Yesterday, Lloyds made yet another provision against payment protection insurance (PPI) mis-selling claims, setting aside a further £750 million (€875 million). But assuming a majority of skeletons have now been pulled out of that closet, the bank’s underlying message was strong.
Stripping out PPI, profits were up by 83 per cent to £1.5 billion, leaving chief executive Antonio Horta-Osorio confidently predicting a return to the glory days in which Lloyds was a “high-dividend” payer.
Lloyds is the British government’s poster child for banking sector re-privatisation. A government sale of 6 per cent of the bank in September allowed taxpayers a clean exit and another large tranche of the state’s remaining 33 per cent will be sold next year.
RBS, in which the government still owns 88 per cent, is the dunce of the banking class. Former chief executive Stephen Hester was sent home early from school in the summer and the government has been persistently critical of its biggest bank.
RBS's new chief executive, Ross McEwan, is expected to say on Friday that the bank has finally turned a profit. More importantly, between now and then the chancellor of the exchequer, George Osborne, is expected to announce the results of a strategic review into whether RBS should be split into a "good bank" and a "bad bank".
Pretty much everyone agrees that a split in 2008 would have significantly boosted bank lending, but the question of whether to do it belatedly is much more vexed.
In the Yes camp sit former Bank of England governor Mervyn King and UKFI chief James Leigh-Pemberton. In the No camp sit RBS's biggest private investors, including Standard Life, as well as Northern Irish pundits who rightly fear Ulster Bank would be permanently marooned in RBS's "bad bank".
Mr Osborne has hired Rothschild to advise him on strategy but it is hard to believe a decision will be anything other than political. While he would dearly love a tidier RBS to lend more, his priority is surely to be able to begin, or at least announce, a break-even sell-off of the bank before a general election in 2015.
It is impossible to see how the chancellor could do this without either spending government money to recapitalise the bad bank or critically damaging the good bank.

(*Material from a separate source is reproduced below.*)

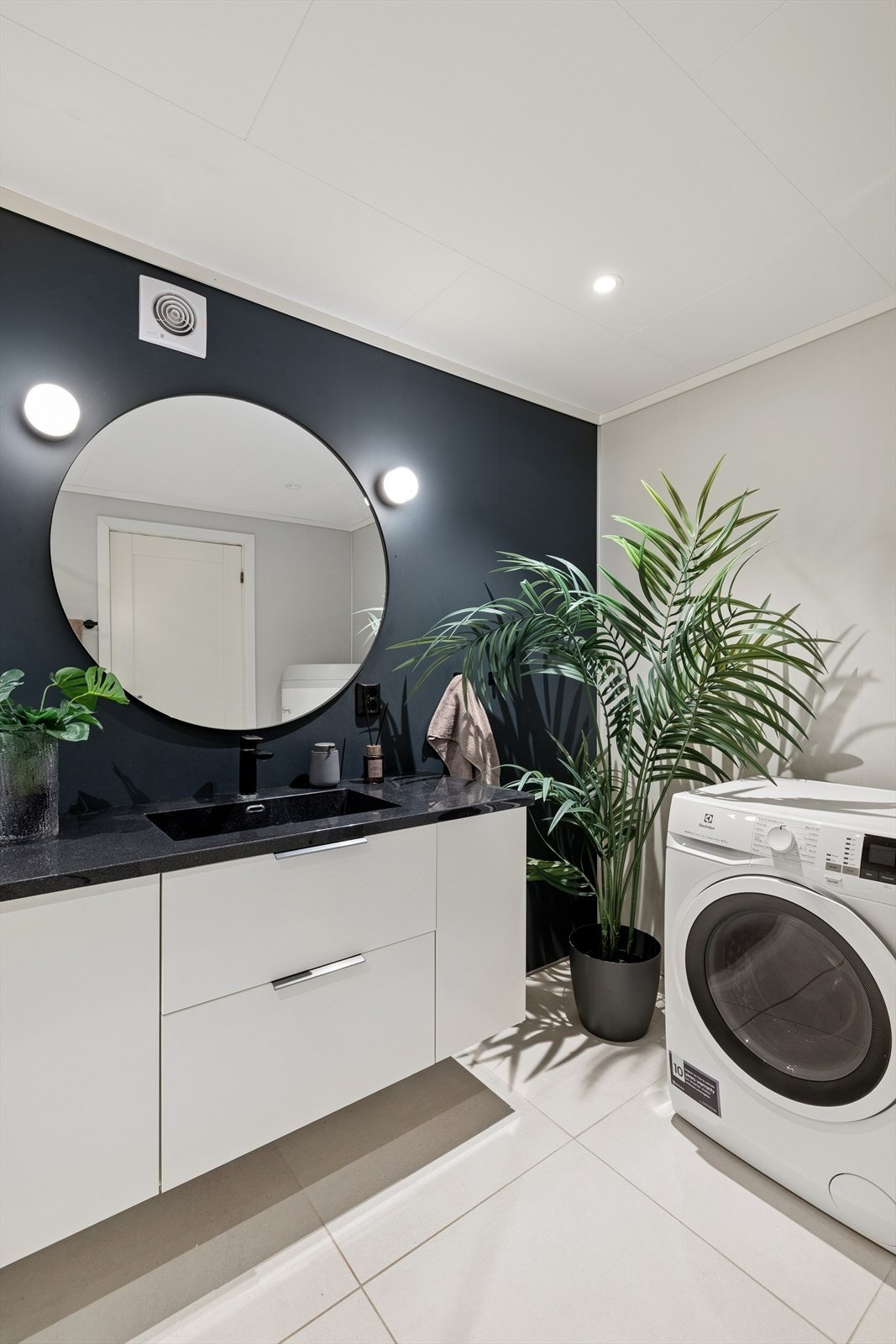 Badet er innredet med en servant med tilhørende underskap, speil med belysning, vegghengt toalett, dusjnisje og opplegg for vaskemaskin. Ventilasjonen med mekanisk avtrekk og tilluft via dør. Galleribilde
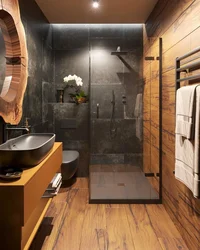 Bath design in black with wood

Having committed to a high-profile review, expect Osborne to unveil – using as many words as possible – an internal reshuffle of RBS that does as little as possible.
Emerging-market cash
Last week China, this week the Islamic world – it's full steam ahead for the British government's mission to bring emerging-market cash into the City.
British prime minister David Cameron yesterday told the World Islamic Economic Forum in London that he wants the City to be a global centre for Islamic investment. Ambitious words from a prime minister whose chancellor of the exchequer promised a Chinese audience just last week that it is his "personal mission" to make London a global hub for renminbi trading.

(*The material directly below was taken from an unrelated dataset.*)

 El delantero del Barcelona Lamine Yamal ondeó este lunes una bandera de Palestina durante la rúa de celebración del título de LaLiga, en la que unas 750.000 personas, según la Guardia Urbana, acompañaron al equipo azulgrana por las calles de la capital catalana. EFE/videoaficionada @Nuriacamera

The UK’s appeal to Islamic investors combines a new London Stock Exchange Islamic Market Index with the first issue of an Islamic bond by a non-Muslim country.
The index will identify and monitor Islamic-compliant business activities which the LSE believes will help attract new issuers, giving the UK a slice of the $1.3 trillion a year Sharia market. And Cameron is putting taxpayers' money where his mouth is with an eye-catching £200 million sukuk or Islamic treasury bond secured on government property in central London.
Islam prohibits the charging of interest, knocking out a huge swathe of possible investments for Muslims; UK property and infrastructure projects provide excellent alternative revenues that are attractively safe and Sharia-complaint.
The government's own Debt Management Office (DMO) has poured cold water on sukuk bonds in the past, arguing that additional structuring costs make Islamic finance an expensive way for taxpayers to borrow money. In the context of an emerging-markets charm offensive, however, the DMO seems to have been persuaded to let this little one go.